Impact investing funds offer the socially-conscious investor an actionable way to create an impact with their investments, alongside financial returns.
Let’s say you suddenly come into a large sum of money, $10 million, and you want to align your financial planning with your values. In other words, you don’t want to put your money into funds which allocate capital using a strictly financial lens.
An impact investment fund is one solution, but first it is important to educate yourself on the spectrum of impact investing opportunities.
So, where do you start in order to learn about impact investing and properly manage your risk while also creating a positive change in the world? Let’s take a look at the process you could take to make sure that $10 million is intelligently put to work to make the world a better place.
According to the Global Impact Investing Network, impact investments are “made into companies, organizations, and funds with the intention to generate social and environmental impact alongside a financial return.”
This is a good definition because it references the diversity of instruments through which capital can flow. You could decide to invest directly in an early-stage social enterprise, or perhaps an already well-established one that is looking to expand into new markets.
There are also a bevy of impact investing funds that can help align that considerable capital with a smartly diversified portfolio of assets. A useful resource for any impact investor, and especially a new one, is Toniic’s Impact Investment Directory, which lists all the assets which Toniic impact investors have reported from their portfolios.
Read More: How Impact Management is Now Within Reach?
How to Start Impact Investing?
To help make impact investment decisions it is important to know where you stand, or where you would like to stand, on the impact investing spectrum. Sonen Capital, an impact investment management firm, has developed the following spectrum to help new investors visualize the varying approaches to impact investing depending on the impact and financial goals of the investor.
As you can see, at one end of the investing spectrum there is simply a maximize financial returns approach (not impact investing), regardless of any social/environmental impact factors. At the other end, we have philanthropy in which the asset owner seeks no financial returns. It is in between these extremes where we find impact investing, and all the nuance that comes with it.
Sustainable and Thematic impact investing is where you tend to find those approaches which aim for both financial and impact returns. Ideally, those financial returns are market-rate returns, and yet while it is entirely possible, the impact investing ecosystem may need more nurturing for that to be a widespread possibility.
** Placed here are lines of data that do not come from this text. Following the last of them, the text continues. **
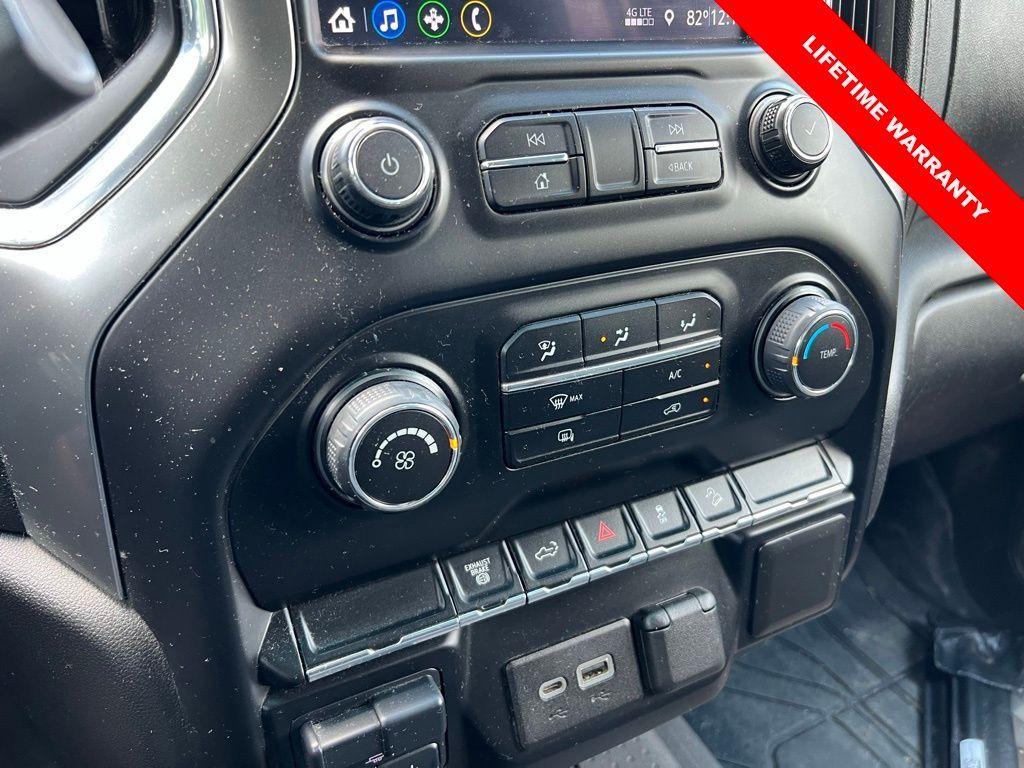 used 2021 Chevrolet Silverado 2500 car, priced at $41,799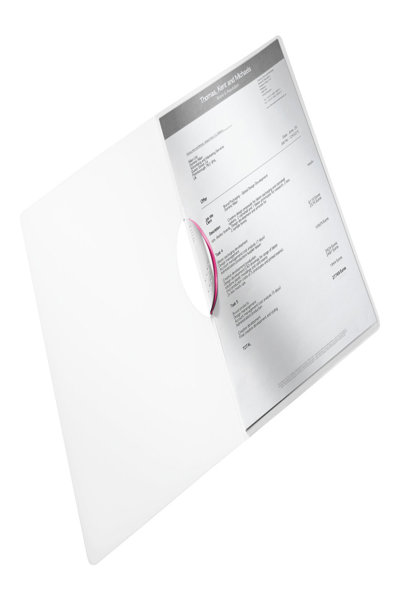 Fichier Esselte Leitz WOW ColorClip
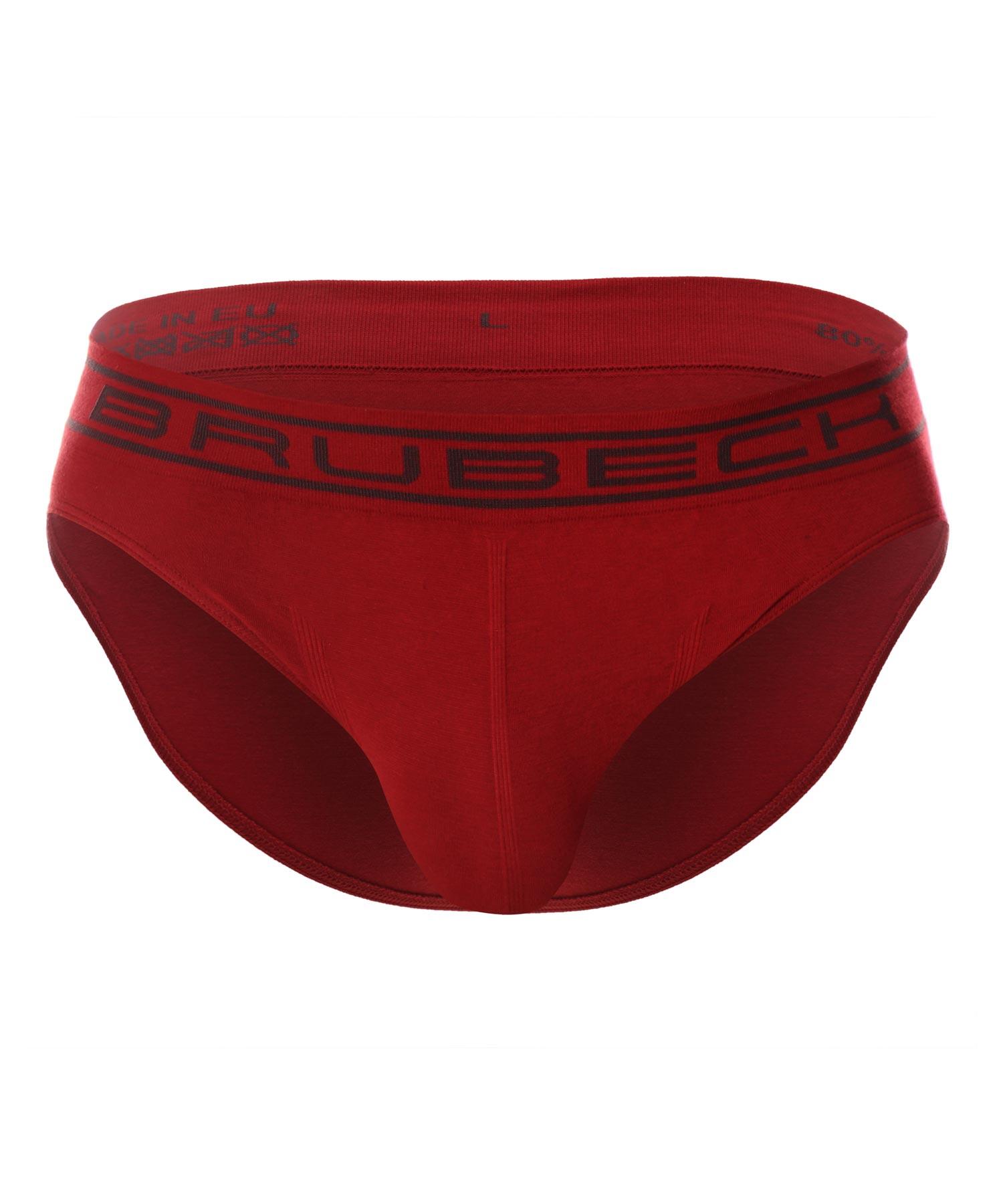 Slipy męskie bawełniane Brubeck COMFORT COTTON 3/4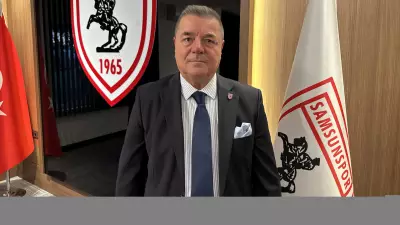 Samsunspor Başkanvekili Veysel Bilen'den Beşiktaş Maçı Öncesi Açıklamalar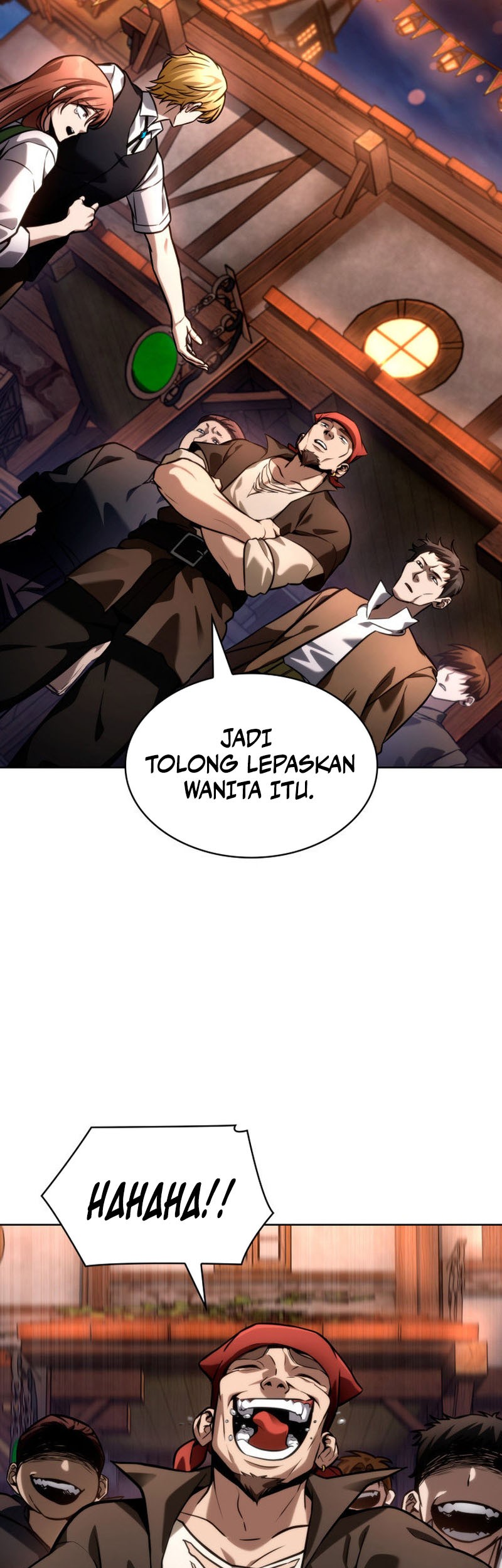 Infinite Mage Chapter 111 page 64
Let’s think about that $10 million again. What do you need that money to do for you? Generate income? How much? Quickly, or patiently? That’s a cursory look at where to start from a financial perspective to begin to determine your desired financial risk profile.
Then, it is important to explore those areas of impact in which you want to effect change. This could be personally related, or determined by which impact area you have expertise in, or which has the most potential to positively affect the most amount of people, or simply be regionally based.
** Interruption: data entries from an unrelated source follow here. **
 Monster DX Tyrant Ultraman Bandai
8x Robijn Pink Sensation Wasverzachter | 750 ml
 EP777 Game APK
Brainstorming across these categories enables you to approach an impact fund, for example, better equipped to answer their questions and begin to make some impact investment decisions.
Impact Investing Funds and Other Resources
Deciding where to invest, how much, for how long, etc. is a daunting task for the traditional investor. For the impact investor it is more complicated, but perhaps a bit more fulfilling as well.
Returning to our individual with newfound wealth of $10 million, let’s say they decided they want to focus on Sustainable and Thematic impact investing, achieving good financial returns alongside positive impacts. And they wanted to focus that capital on investments which promote positive environmental change.
To start, this person might want to look at the best-of-the-best impact funds in the world today.
This list from B the Change, details the 2017 Best for the World Funds, a vetted list of funds which rate highly not just in their track record of impact and financial returns, but also their transparency in that process.
They could then take a deeper look at those funds by category, for example the best funds for environmentally-focused impact investing.
Impact investment management firms, like the aforementioned Sonen Capital, are another good way to jump into the impact investing arena. This is an especially attractive option if our $10 million friend wants to build a more nuanced portfolio diversified across asset classes as well as impact themes. Some such firms include: Calvert Impact Capital, Trillium Asset Management, and Veris Wealth Partners.
Maybe you don’t have $10 million to invest. But maybe you do have some capital that could go into a more impactful portfolio. As the sector grows, so do the resources and people available to help make that journey a more feasible one so that as a global community we can also make our world-changing ambitions a more achievable reality.